December 27, 2004

Christmas Report

We had a great Christmas! Lots of presents, snow on the ground outside, plenty of cookies, our gas fireplace purring in the corner, and the excited wonder of children to make it special.

However, we did not anticipate how much our 1.5-year-old Graham would want 5-year-old Simon's toys. Our usual rule is that they don't have to share toys on the first day of receiving them, but Graham was squealing and squealing for Simon's livestock truck and the toy Winnebago. So we made an exception to the sharing rule, since Simon had plenty of toys anyway. Graham finally opened up his own school bus and happily played with it for an hour. What a good little guy.

The Bane of Fathers On Christmas Day has changed from lack of batteries, to those pesky wires that they use to attach toys to their packaging so strongly that Jimmy Valentine himself couldn't separate them. Why do all four wheels have to be tied into the box? There was also a Hot Wheels dual racetrack with a hundred parts that I had to put together, but eventually I was able to follow the instructions to their successful conclusion. Good thing my brother sent us that package of sausage, cheese, and crackers from Hickory Farms!

By 10am our living room was completely filled with wreckage, so Christmas must have been a success.

I took Isabel (7) and Simon ice-skating yesterday on her new ice skates. She's a natural! I had to hold up Simon, since he is a little wobbly on his first time out. Me, I haven't been ice skating for 25 years. But I did okay. Ice skating comes back quicker than differential equations.

I played "O Holy Night" on my guitar for church on Sunday morning, all three verses.

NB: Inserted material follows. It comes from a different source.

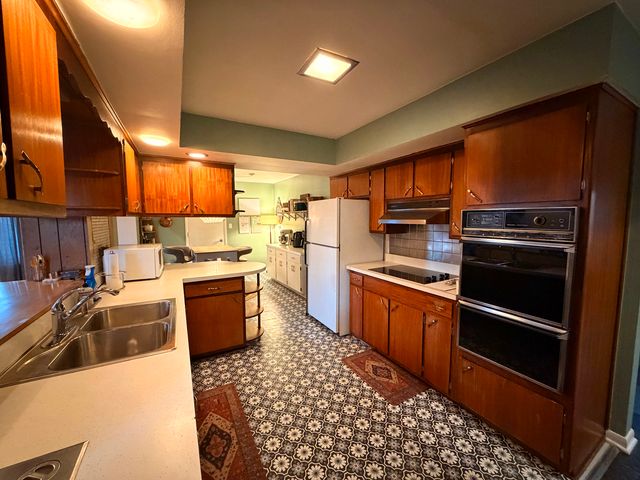 2900 W 100th Place, Evergreen Park, IL 60805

I even hit the Bm chord successfully a couple of times! I need to play with a group in order to get better, though, like I did for the Christmas Eve service. We had: me on 12-string guitar, a six-string guitar, a bass guitar, a harp, a cello, a flute, a bongo drum, and three singers. That makes good combo for Christmas carols.

Posted by Carl Drews at 11:10 AM | Family

December 20, 2004

The Palestinians Need an Orchestra

(Whew! After singing in three Messiah concerts in 27 hours, it's time for some non-vocal communication.)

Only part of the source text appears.